3-Give em what they are looking for! These people are not (necessarily) spending time in the cold for kicks and giggles. they are looking for some help- from you! and when you do give them a can of tuna here, or a box of cereal there- you affirm their presence and help everyone feel all warm and fuzzy inside. its a win-win.

4- If you feel like this is just another gammit- talk to those people! find out what we are about! ask great questions! heck- you might make a new friend, or find out that they are looking for volunteers to help out....which is great because you have been looking to make some new friends and spend time with a worthwhile organization to give back to your community ;) also- this helps prevent us from talking to ourselves so we dont get bored. another win.

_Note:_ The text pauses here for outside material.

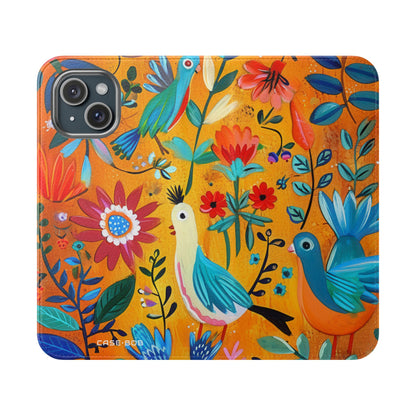 Bluebird Bloom - iPhone 15 Case - Wallet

5- Feeling like you are not going to make any difference? Let me tell you from experience- if every person who walked into the door of the store during my 5 hour shifts brought out one can- just ONE can-of soup, we would have enough to feed my clients for a month. one can CAN make all the difference in the world. i have seen it with my own eyes. when i get a grocery bag ready for a client and stick in a can of soup i collected the week before at one of these collection events, then i see it go to my client who is SO appreciative. well, it makes a difference. believe me.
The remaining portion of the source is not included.